All the data should be repeated exactly. Any image in it is left out.
===== SOURCE MATERIAL
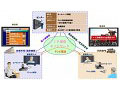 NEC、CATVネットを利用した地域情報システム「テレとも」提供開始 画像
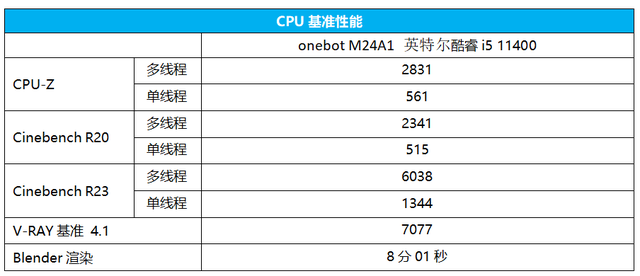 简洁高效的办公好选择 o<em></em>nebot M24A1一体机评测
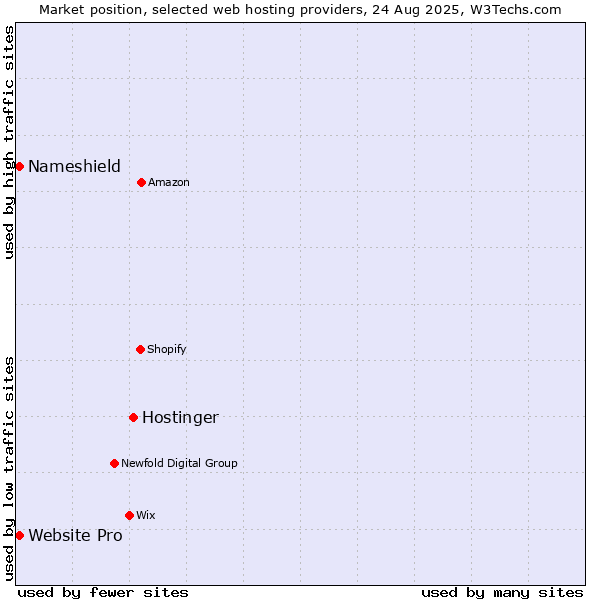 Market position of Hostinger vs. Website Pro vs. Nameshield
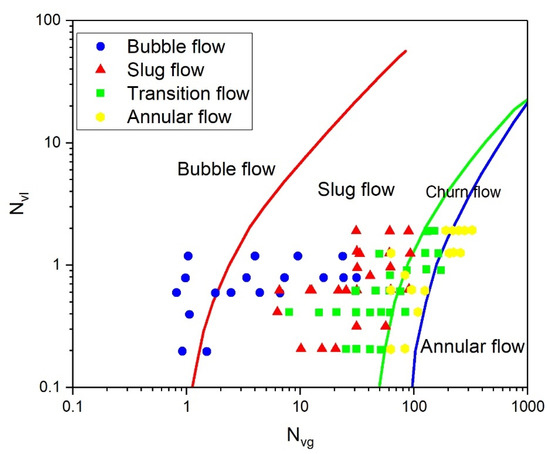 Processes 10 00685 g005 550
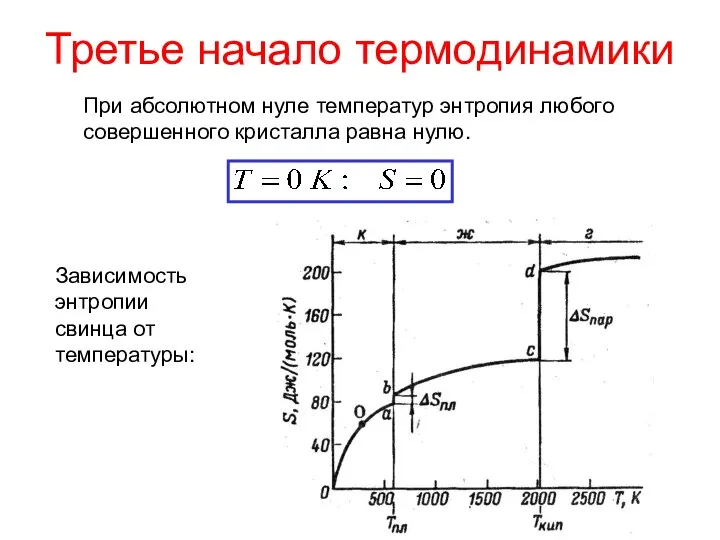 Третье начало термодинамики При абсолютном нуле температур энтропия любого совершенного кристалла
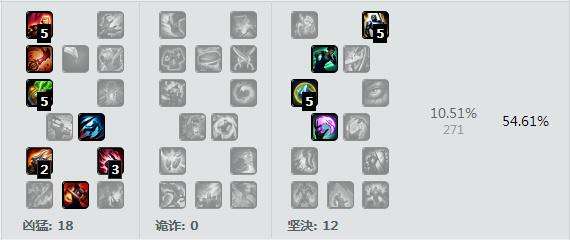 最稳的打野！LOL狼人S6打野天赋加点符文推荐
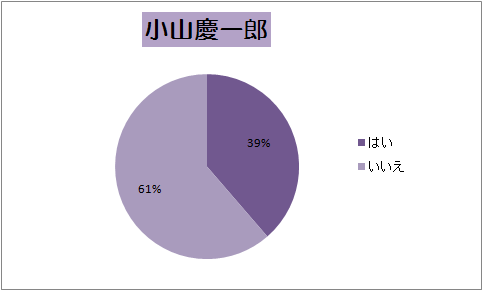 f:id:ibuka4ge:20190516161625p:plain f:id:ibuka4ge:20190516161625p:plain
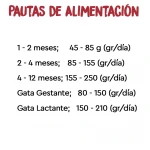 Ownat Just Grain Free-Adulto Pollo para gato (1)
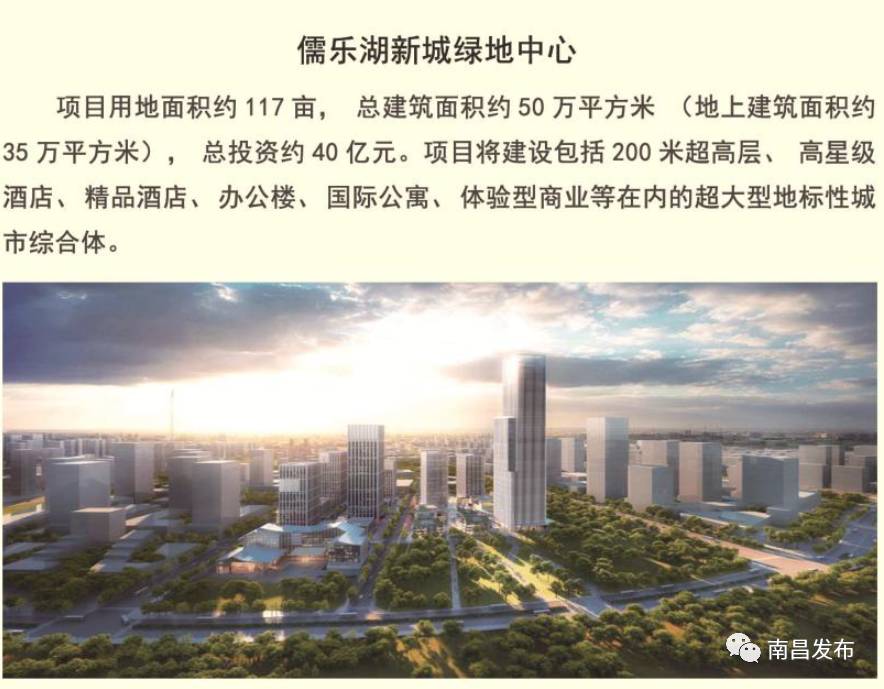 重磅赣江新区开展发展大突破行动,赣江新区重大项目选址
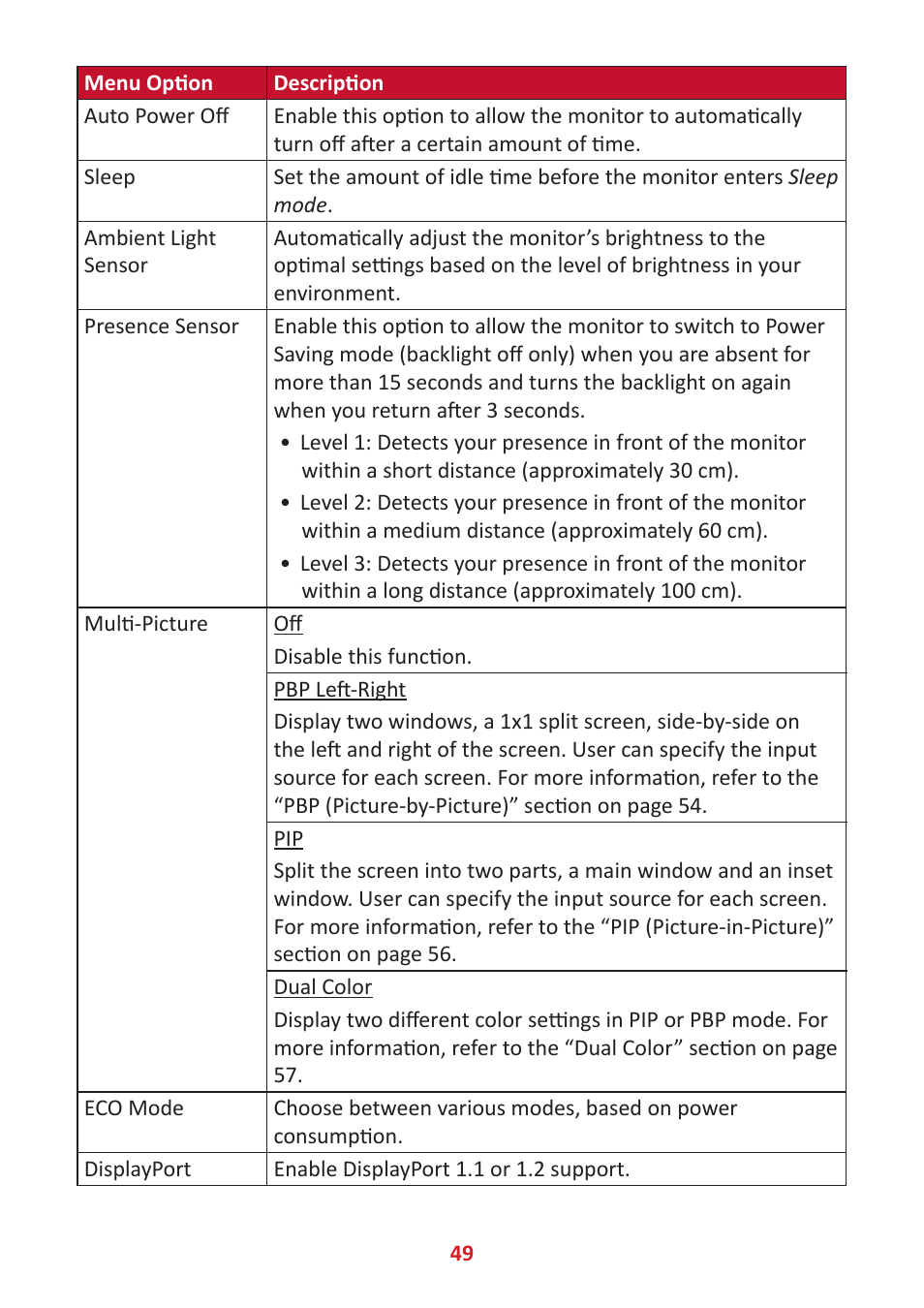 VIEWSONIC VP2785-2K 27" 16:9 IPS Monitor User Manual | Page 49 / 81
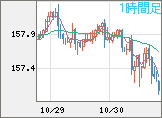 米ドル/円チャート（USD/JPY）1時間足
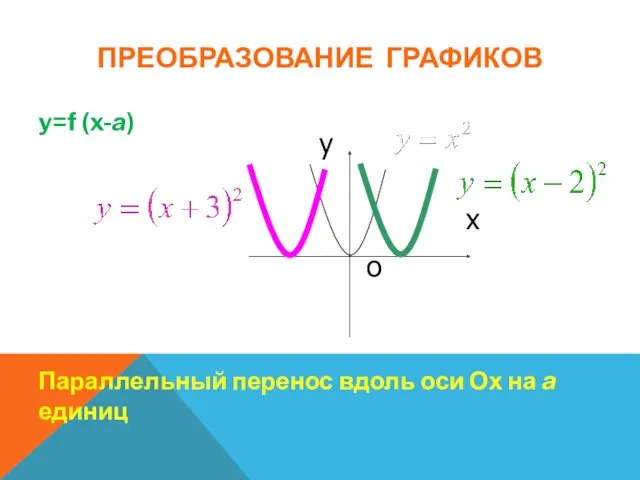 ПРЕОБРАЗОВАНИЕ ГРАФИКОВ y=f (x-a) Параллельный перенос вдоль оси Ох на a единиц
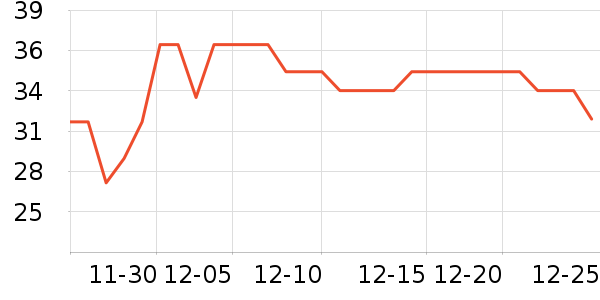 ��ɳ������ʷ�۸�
==========
- [ANSWER FOR THE TASK]:
 NEC、CATVネットを利用した地域情報システム「テレとも」提供開始 画像
 简洁高效的办公好选择 o<em></em>nebot M24A1一体机评测
 Market position of Hostinger vs. Website Pro vs. Nameshield
 Processes 10 00685 g005 550
 Третье начало термодинамики При абсолютном нуле температур энтропия любого совершенного кристалла
 最稳的打野！LOL狼人S6打野天赋加点符文推荐
 f:id:ibuka4ge:20190516161625p:plain f:id:ibuka4ge:20190516161625p:plain
 Ownat Just Grain Free-Adulto Pollo para gato (1)
 重磅赣江新区开展发展大突破行动,赣江新区重大项目选址
 VIEWSONIC VP2785-2K 27" 16:9 IPS Monitor User Manual | Page 49 / 81
 米ドル/円チャート（USD/JPY）1時間足
 ПРЕОБРАЗОВАНИЕ ГРАФИКОВ y=f (x-a) Параллельный перенос вдоль оси Ох на a единиц
 ��ɳ������ʷ�۸�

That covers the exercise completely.